Shifting demographics of abortion and the political fall-out

An important new report from the Alan Guttmacher Institute analyzes trends in abortions from 1974 to 2004, a time frame that dramatically highlights generational shifts among American women. The key findings:

* The overall rate of abortions is at its lowest level today since 1974. It peaked in 1980, and the rate today has dropped almost one-third (from 29 per 1,000 women to 20 per 1,000 women) from the 1980 peak.

* BUT – the rates have fallen much less among non-white and low-income women. As a result, the net effect is that abortions are becoming more concentrated among women of color than among white women, and likewise for low-income, rather than middle- and upper-income women.

About 70 per cent of all pregnancies among African-American women are unintended, compared with 48 per cent of pregnancies across other racial groups.

The social reality for each group is reflected in the fact that 5 per cent of black women had an abortion in 2004, compared to 3 per cent of Hispanic women and 1 per cent of white women.

The remarkable drop in the overall rate is proof that something is working to prevent unwanted pregnancy, since the abortion rate is an artifact of the unwanted pregnancy rate. It’s frustrating that the fundies try to claim the credit for abstinence only programs – frustrating because many other studies show that those programs are generally failures.

My bigger concern is about what the political fall-out of these demographic changes will be for a woman’s right to have an abortion. Some of the groups litigating abortion rights in the 1970’s stressed that the lack of legal abortions had a disproportionate impact on poor women – there was a “poverty” amicus brief in Roe v Wade, built on an equal protection theory. But the face of the abortion issue was that of a white middle-class young woman, a face that – whatever its other problems – also signaled that this was a demand that cut across almost every segment of American society.

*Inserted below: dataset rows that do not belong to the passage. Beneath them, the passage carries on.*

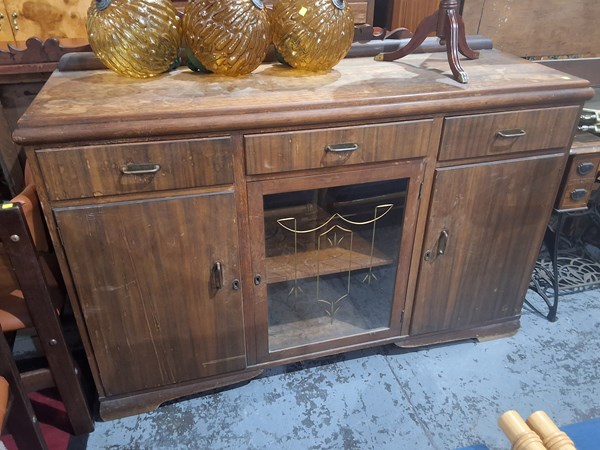 Lot 187 - SIDEBOARD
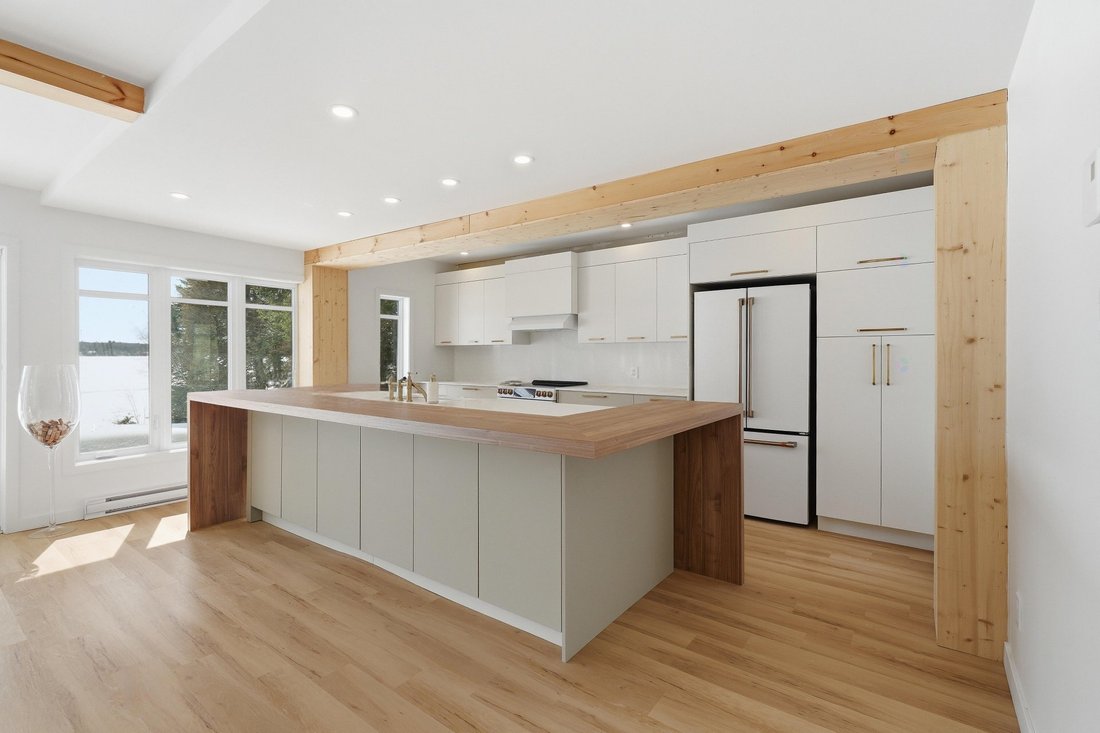 House in Saint-Hippolyte, Quebec, Canada 5 - 18010528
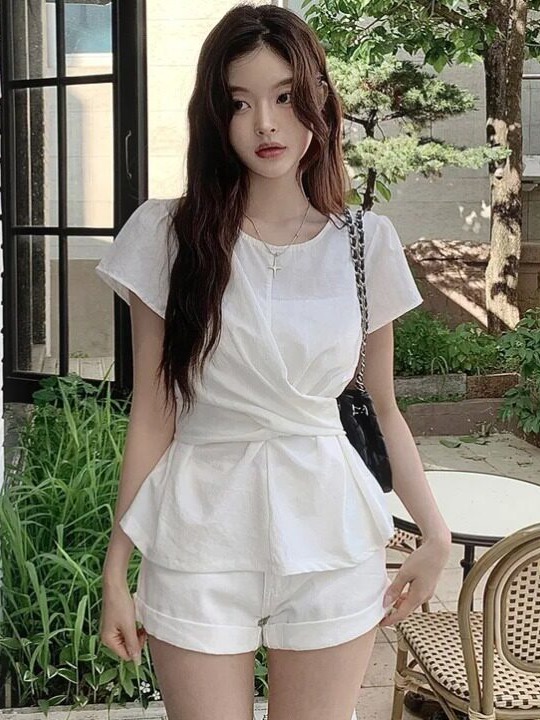Street Fashion In Korea - Fashionable Chic Waist-Cinching Belted Simple Stylish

I worry that the AGI report data tell us that abortion is becoming more a minoritarian issue. If so, we are at a moment when social policy and law can move in one of two directions. Our society could move to change the life circumstances of the young women who now face unwanted pregnancy, and therefore seek abortion, at much greater rates than other American women, by providing real choices over their futures. Or, we could – silently, without acknowledgment – continue down the path of cutting them loose from whatever remains (not much, it seems in the moment) of the American vision of a decent middle-class life of work, family and aspiration.